Below is a block of entries, which should be copied verbatim apart from the pictures.

------------------------------

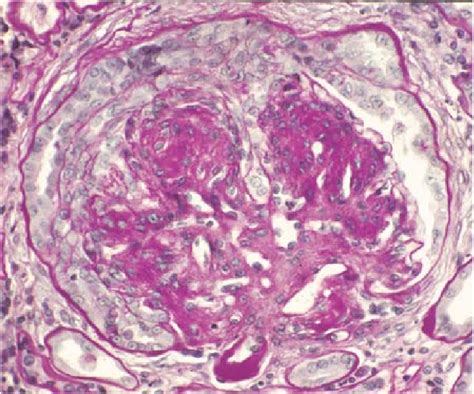 6 Glomerulus From Patient With Diabetic Glomerulosclerosis Showing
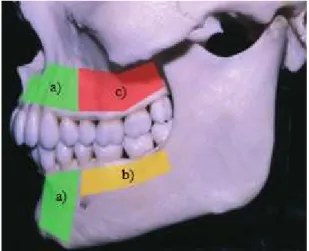 Figura 6 Imagem representativa da qualidade e  quantidade de osso na maxila e mandíbula: a) boa  qualidade e quantidade; b) quantidade insuficiente, 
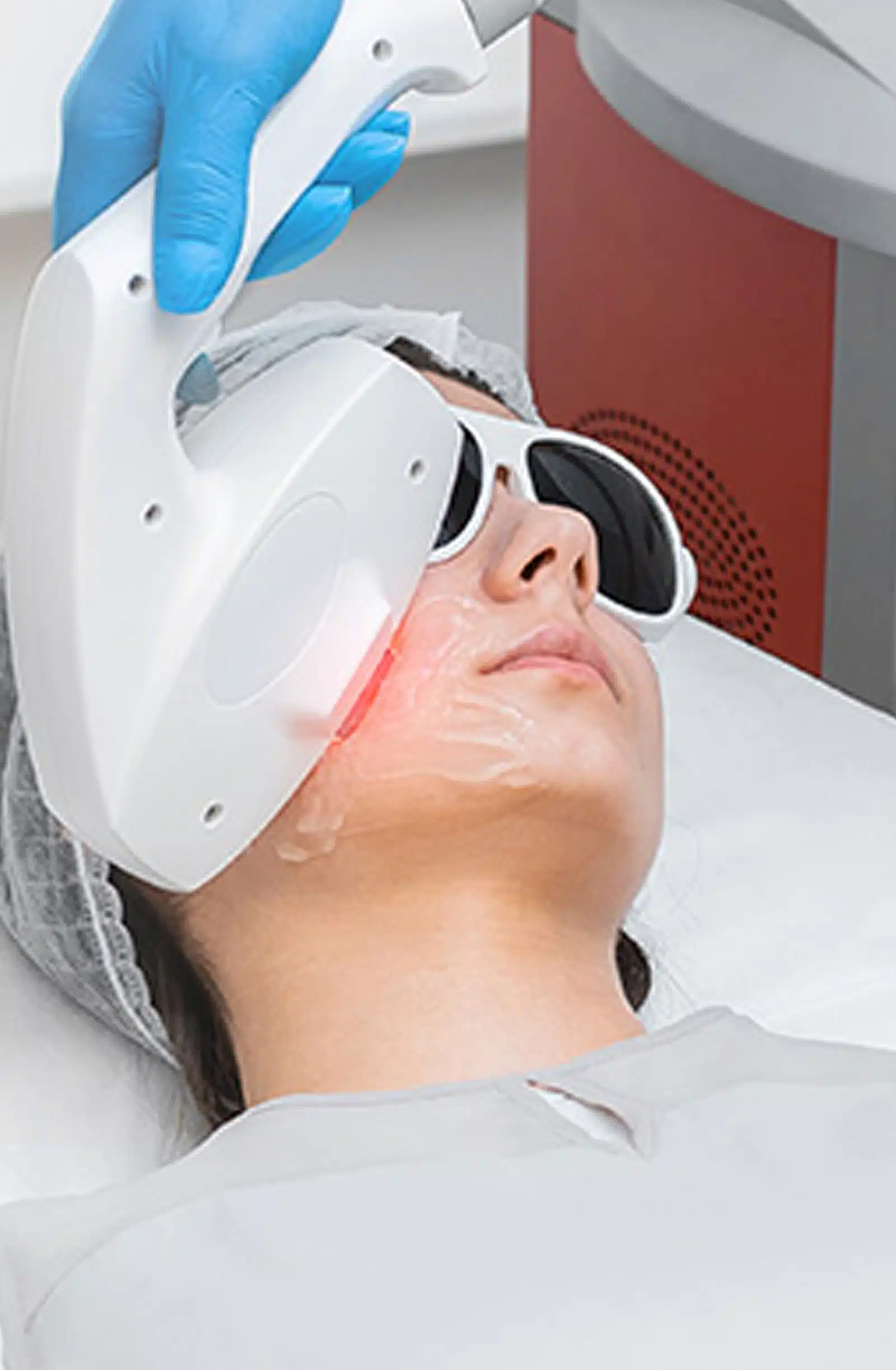 IPL Rosacea Treatment IPL Rosacea Treatment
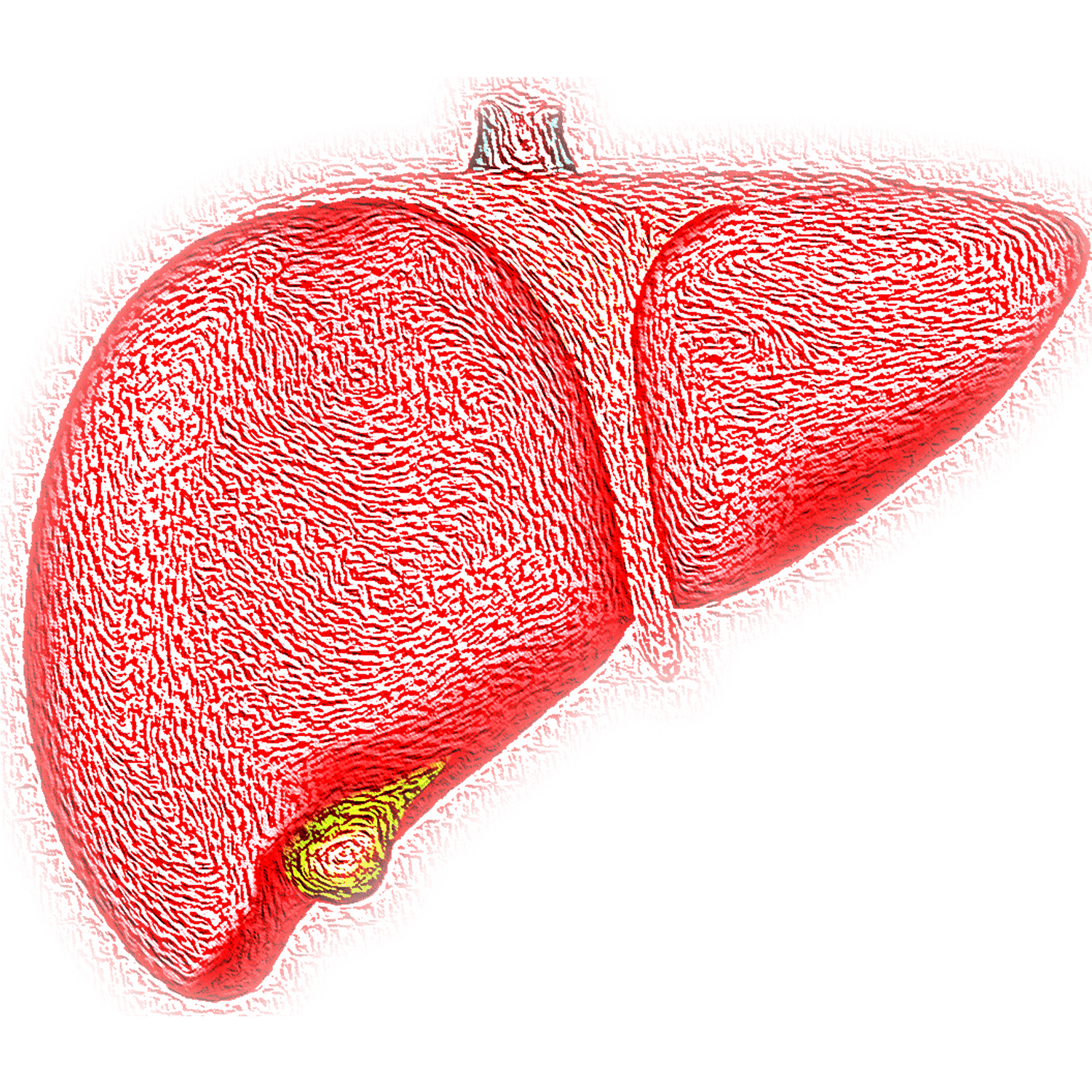 Healing Fatty Liver with Chaga - AlaskaChaga
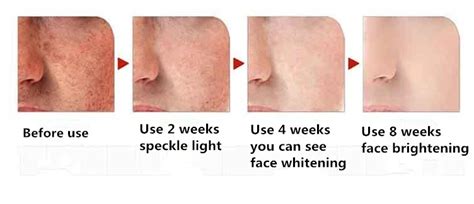 Dimollaure Bleaching Creme starke Wirkung 20g entfernt Sommersprossen ...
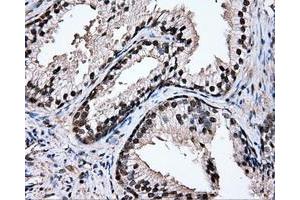 Immunohistochemical staining of paraffin-embedded prostate tissue using anti-TIPRLmouse monoclonal antibody. (TIPRL 抗体)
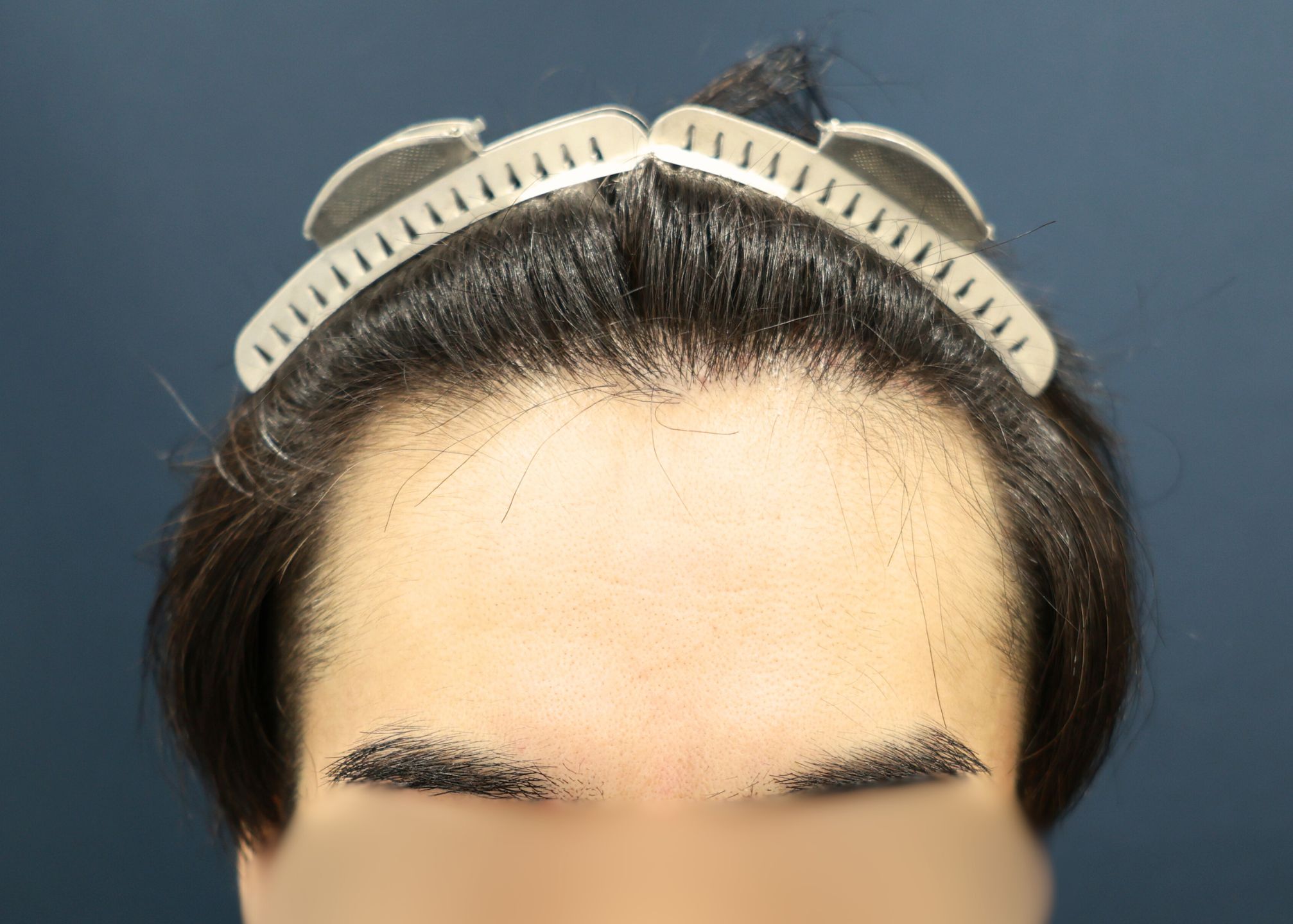 【1回目】施術前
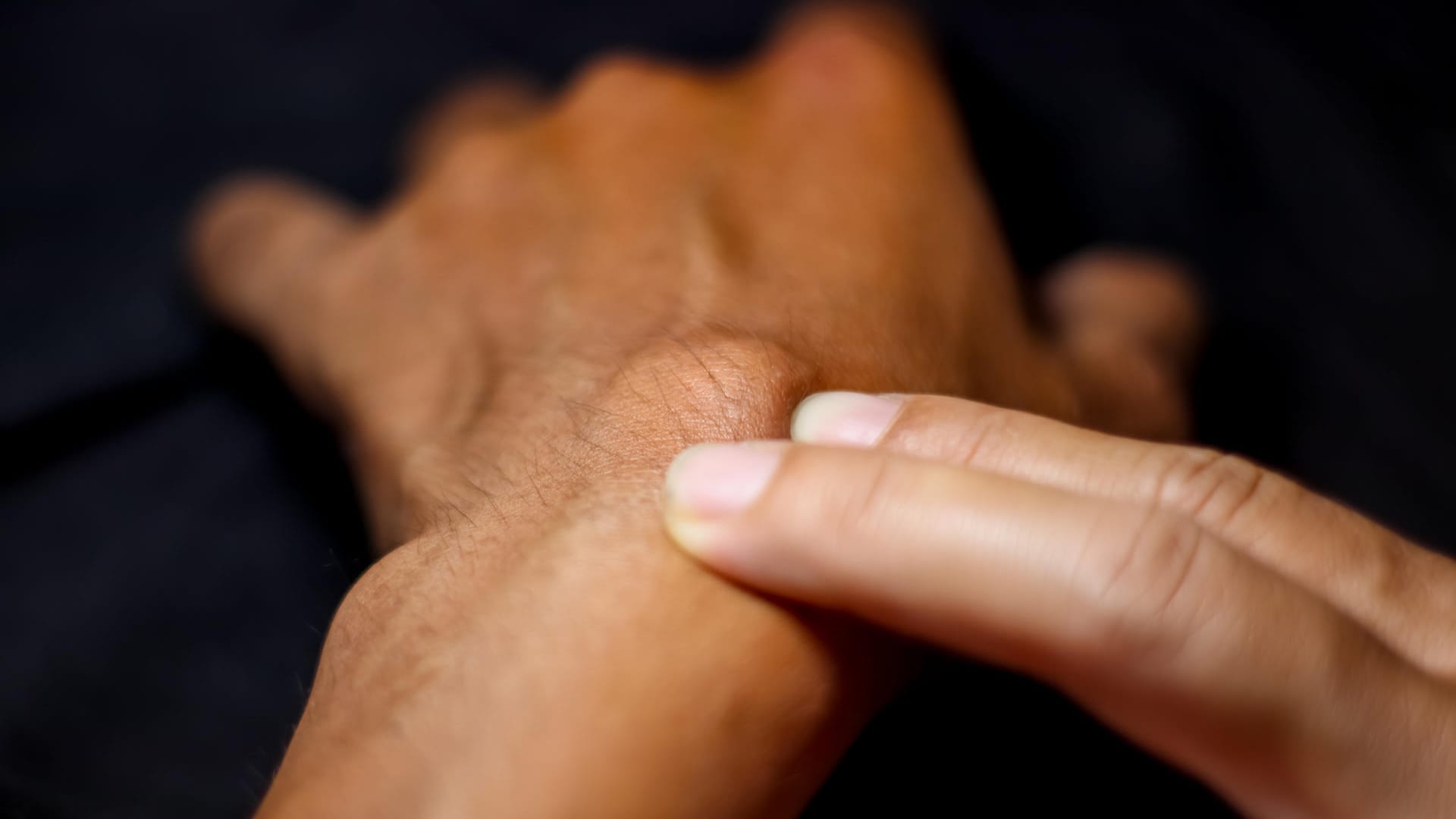 Ein Überbein am Handgelenk ist zwar optisch störend, aber immer gutartig. Es muss nur in seltenen Fällen chirurgisch entfernt werden.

------------------------------

◆ WRITTEN REPLY
 6 Glomerulus From Patient With Diabetic Glomerulosclerosis Showing
 Figura 6 Imagem representativa da qualidade e  quantidade de osso na maxila e mandíbula: a) boa  qualidade e quantidade; b) quantidade insuficiente, 
 IPL Rosacea Treatment IPL Rosacea Treatment
 Healing Fatty Liver with Chaga - AlaskaChaga
 Dimollaure Bleaching Creme starke Wirkung 20g entfernt Sommersprossen ...
 Immunohistochemical staining of paraffin-embedded prostate tissue using anti-TIPRLmouse monoclonal antibody. (TIPRL 抗体)
 【1回目】施術前
 Ein Überbein am Handgelenk ist zwar optisch störend, aber immer gutartig. Es muss nur in seltenen Fällen chirurgisch entfernt werden.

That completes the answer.